Political risk—and what firms do about it
From the UK’s vote to leave the European Union to the threats of the US Congress to shut down the federal government, recent events have renewed concerns about the effects of risks emanating from the political system on investment, employment, and other aspects of firm behavior. The size of such effects, and the question of which aspects of political decision-making might be most disruptive to business are the subject of intense debates among economists, business leaders, and politicians. However, quantifying the effects of political risk has often proven difficult due to a lack of firm-level data on the extent of exposure to political risk, as well as a lack of data on the kind of political issues firms may be most concerned about.
In our new INET working paper, we use textual analysis of quarterly earnings conference-call transcripts to construct a firm-level measure of the extent and type of political risk faced by individual firms listed in the United States. The vast majority of firms with a listing on a US stock exchange hold regular conference calls with their analysts and other interested parties, a forum where management gives its view on the firm’s past and future performance and responds to questions by call participants about any challenges the firm may face. Our approach to quantifying the extent of political risk faced by a given firm at a given point in time is simply to measure the share of the conversation between participants and firm management that centers on risks associated with politics in general, and with specific political topics.
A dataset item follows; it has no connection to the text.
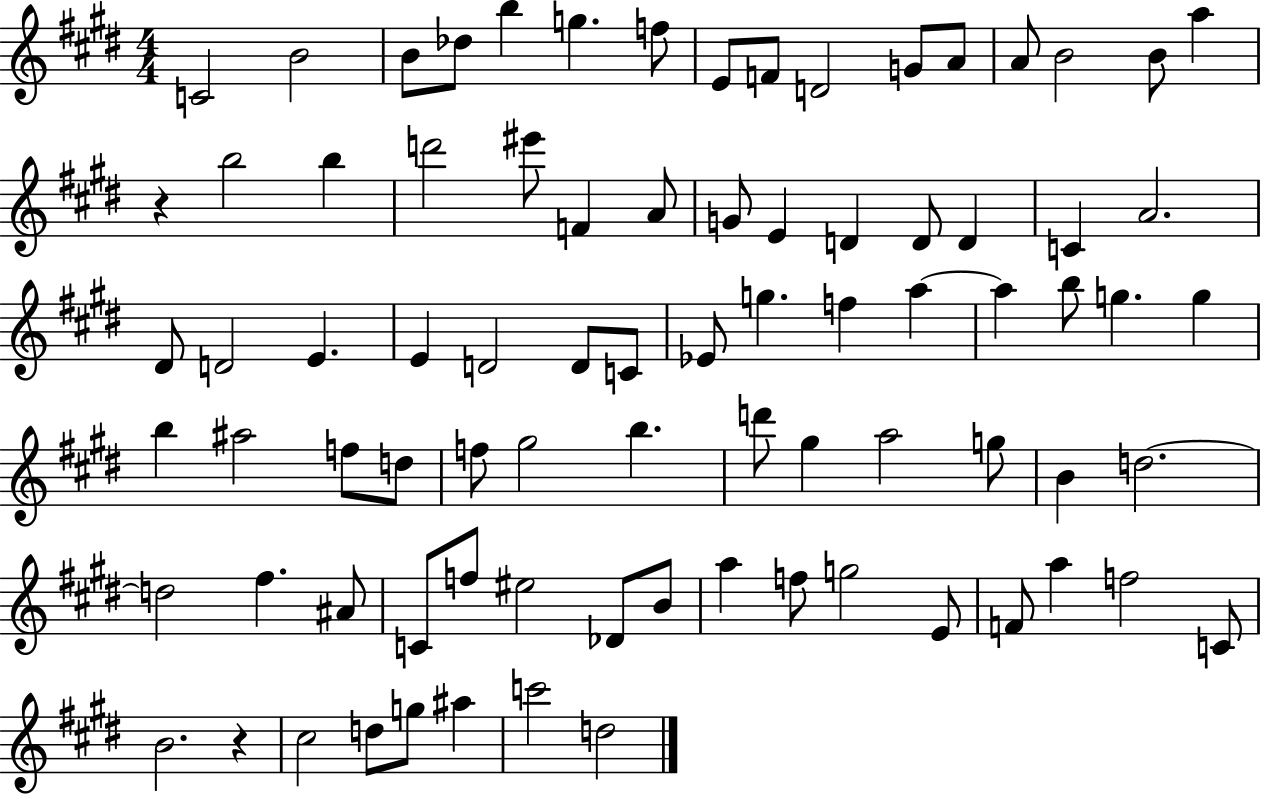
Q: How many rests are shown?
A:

To this end, we adapt a simple pattern-based sequence-classification method developed in computational linguistics to distinguish between language associated with political versus non-political topics (Manning et al., 2008). For our baseline measure of overall exposure to political risk, we use a training library of political text (an undergraduate political science textbook or text from the political section of newspapers) and a training library of non-political text (an accounting textbook, text from non-political sections of newspapers, or transcripts of speeches on non-political topics) to identify two-word combinations (“bigrams”) that are frequently used in political texts. We then count the number of instances in which conference-call participants use these bigrams in conjunction with synonyms for “risk” or “uncertainty,” and divide by the total length of the conference call to obtain a measure—which we dub PRiskit—of the share of the conversation that is concerned with risks associated with politics.
After constructing our measures, we present a body of evidence that they are indeed capturing political risk. Firstly, we show that each of our top-scoring transcripts correctly identifies conversations that center on risks associated with politics (for example, concerns about regulation, ballot initiatives, and government funding). Secondly, we find our measure varies intuitively over time and across sectors. For example, the mean across firms of our main measure of overall political risk increases significantly around federal elections and is highly correlated with the index of aggregate economic policy uncertainty proposed by Baker et al. (2016). It is also highly correlated with sector level proxies of government dependence used in the existing literature.
Thirdly, we show that our measure correlates with firm-level outcomes in a way that is highly indicative of reactions to political risk. We use stock return volatility, investment, employment, political donations and lobbying activities as the firm-level outcomes. Standard models predict that an increase in any kind of risk, and thus also an increase in the firm’s political risk, should trigger a rise in the firm’s stock market volatility and decrease its investment and employment growth (e.g., Pindyck (1988); Bloom et al. (2007)). In contrast to these “passive” reactions to overall risk, firms may also “actively” manage political risk by donating to campaigns or lobbying politicians (Tullock, 1967; Peltzman, 1976). Such “active” management of political risks should be concentrated among large but not small firms, because large firms internalize more of the gain from swaying political decisions than small firms (Olson, 1965). Our results are consistent with all these predictions.
Interestingly, we find the incidence of political risk across firms is far more heterogeneous and volatile than previously thought. The vast majority of the variation in our measure is at the firm level rather than at the aggregate or sector level, in the sense that it is neither captured by time fixed effects and the interaction of sector and time fixed effects, nor by heterogeneous exposure of individual firms to aggregate political risk. In this sense, firms considering their political risk may well be more worried about their relative position in the cross-sectional distribution of political risk (for example drawing the attention of regulators to their firms’ activities) than about time-series variation in aggregate political risk.
A direct implication of these results is that the effectiveness of political decision-making may have important macroeconomic effects, not only by affecting aggregate political risk, but also by altering the identity of firms affected by political risk and the dispersion of political risk across firms. As shown in Figure 1, the dispersion of this firm-level political risk increases significantly at times with high aggregate political risk.
Decomposing our measure of political risk by topic, we find that firms that devote more time to discussing risks associated with a given political topic tend to increase lobbying on that topic, but not on other topics, in the following quarter.